I sat there listening to their conversation but never said a thing. What could I contribute? After all, my child seemed to have an allergy to sleeping, he never sat still, and I was too miserable to notice anything cute he might have done. I couldn't remember the last time I wore makeup, and it's quite possible I wore the same shirt two days in a row. And they certainly wouldn't care to hear that I spent most days crying because I was so exhausted from following after a child turned energizer bunny.
Not All Together
Many days as a mom, I feel like a loser. I wonder if I missed out on some key information or skill that other moms have. I don't have things all together. My kids seem to always be at each other's throats, as though they are practicing for some sort of ultimate fighting match. I never seem to be on time, and I can't remember the last time I dusted. My life feels more like a whirlwind than the way life is portrayed on the peaceful baby commercials where the mom spends her day snuggling with her giggling child.
I don't like to be a mess. I prefer my life orderly and under control. I want an organized calendar and a to-do list with black lines drawn through everything. I want children who listen the first time and a house where everything's picked up. I want to leave the house early for every appointment. Being weak and helpless is admitting failure.
Motherhood in America is about doing it all, having our cake and eating it too. But no one can do that. We try and pretend that everything is perfect. We cover up our failures with new purchases and fake smiles. But inside our heart breaks, and we wonder if we'll even make it through the day.
Where I Need to Be
But when I turn away from looking at other people's lives and look to Christ, I find that I am just where I need to be. Jesus said he didn't come to save those whose lives are perfect, but those whose lives are a mess. He came for sinners, for those who know things aren't as they should be. These were the people he dined with, healed, and walked among. He met them right where they were, messes and all.
The gospel is all about grace and receiving something we never earned. And only when I come to him helpless and weak am I ready for his grace. I have to come to Christ empty and broken before he can fill me. I have to admit that I am sick before I can be healed. I have to stop trying to do things in my own strength before he can be strong for me.
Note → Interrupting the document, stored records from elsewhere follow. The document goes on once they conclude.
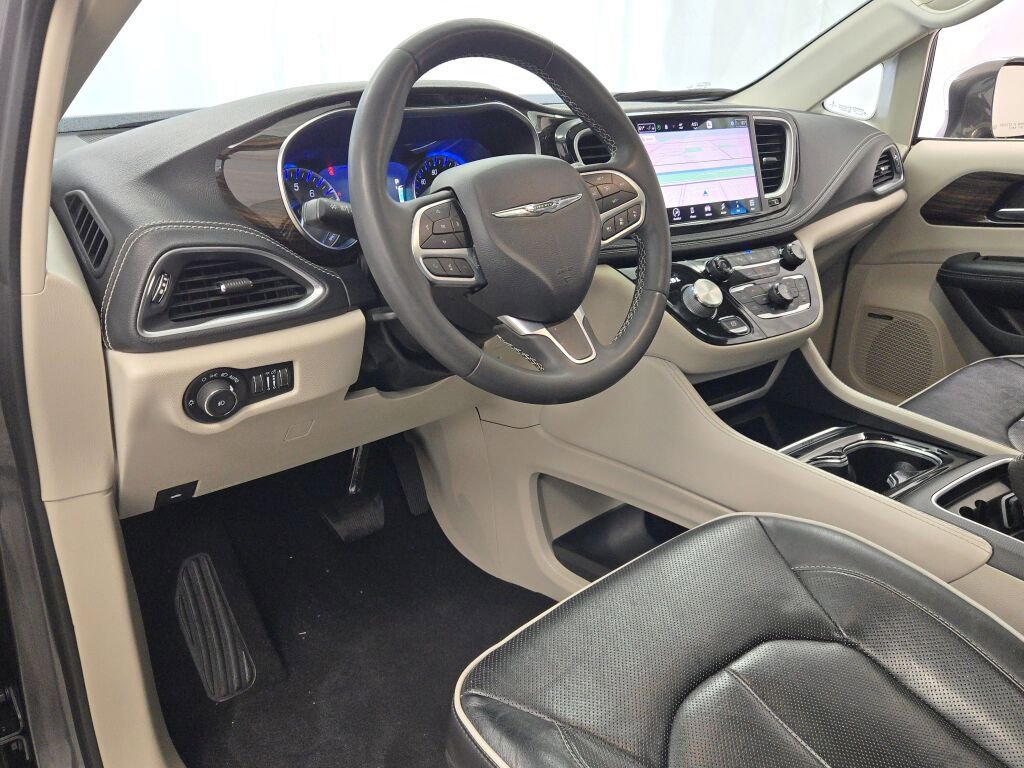 Used 2022 Chrysler Pacifica Limited FWD image 20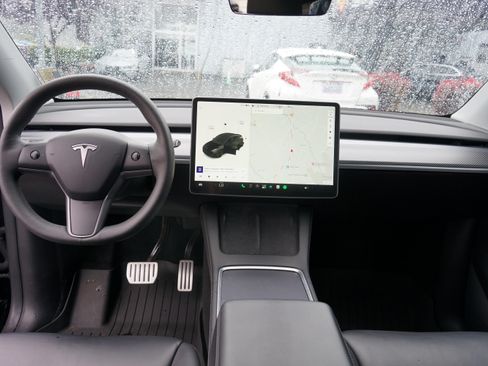Used 2021 Tesla Model Y Performance AWD/4WD image 13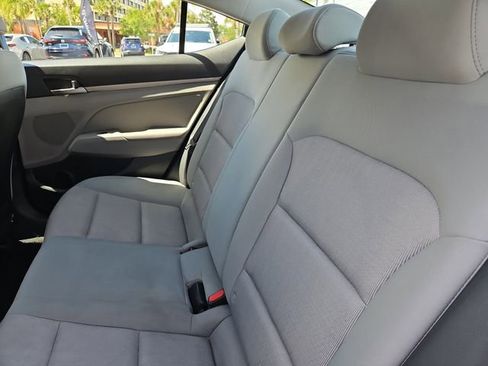 Used 2017 Hyundai Elantra SE FWD image 12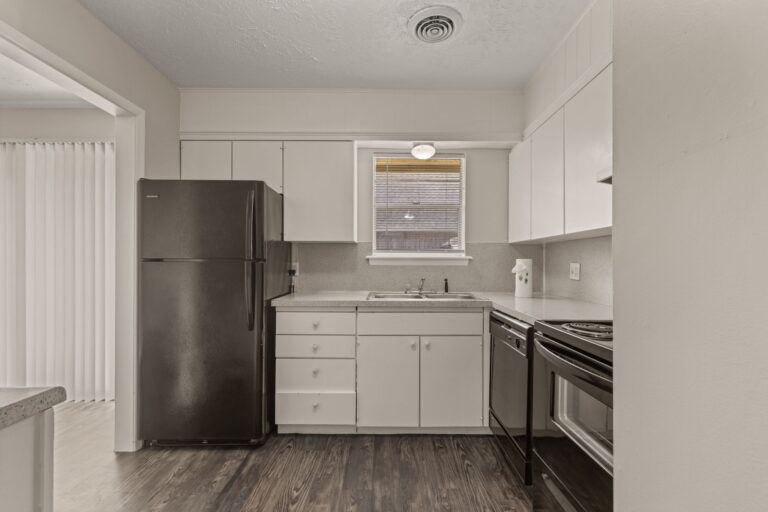 16-web-or-mls-Clairmont1201_GCREP-16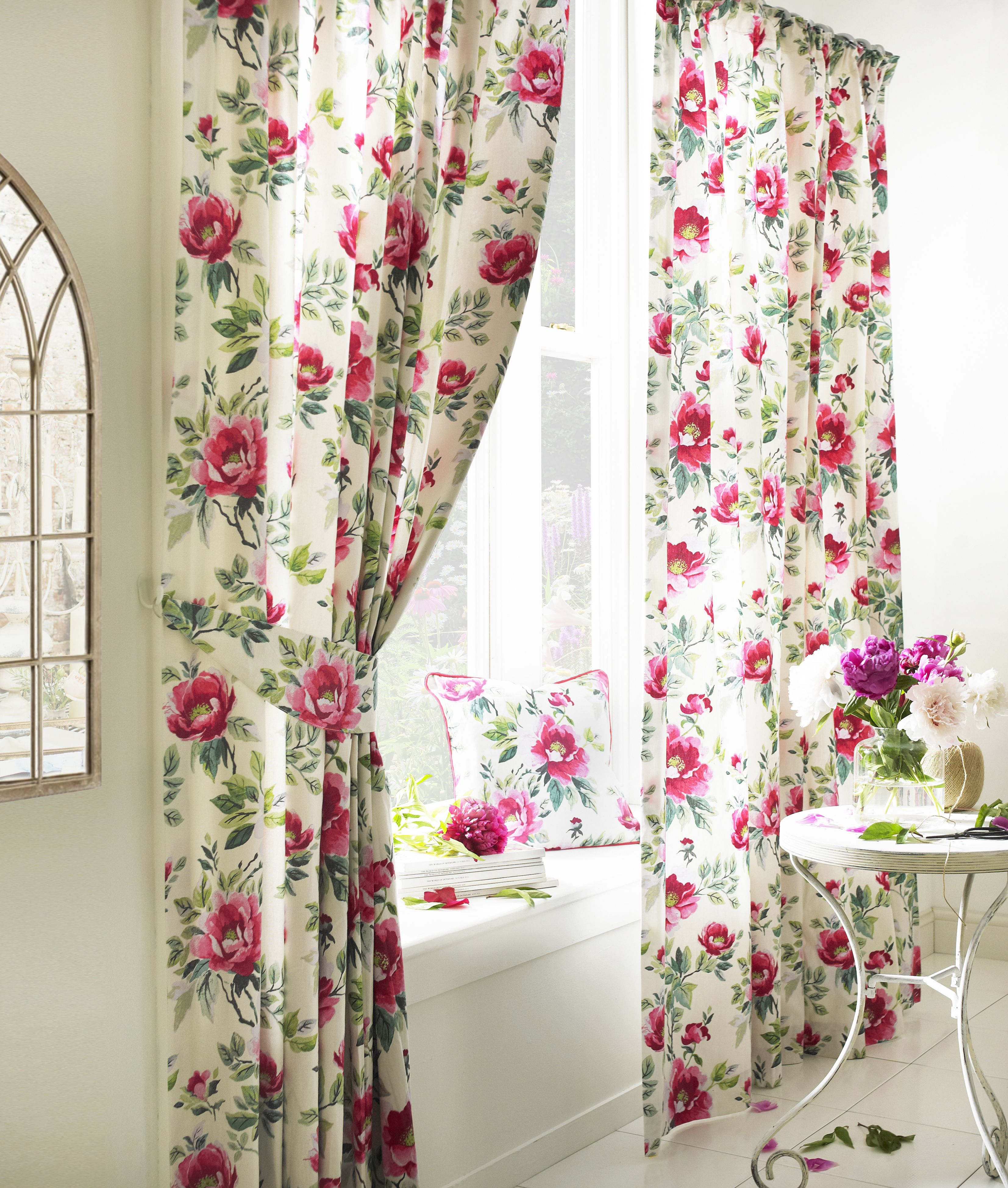 Peony Printed Floral Pencil Pleat Curtains in Fuchsia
All too quickly, the years have passed since that mommy and me class. I've since given up on perfect. I faced the reality that I don't have it all together. Instead of trying to do it all, I've learned to let God manage my days. Rather than mother in my own strength, I parent through my weakness and on my knees. Each day I come before God, broken and helpless. I give him my messy life as a mother and receive in return the grace of the gospel. I've learned to embrace my weakness and messiness, not because my failures are good but because they open the door to God's grace. And I'd rather wear dirty clothes and have my hair a mess than pretend life is perfect. Because then I get to wear the best fashion—the priceless, perfectly white robes of righteousness belonging to my Savior.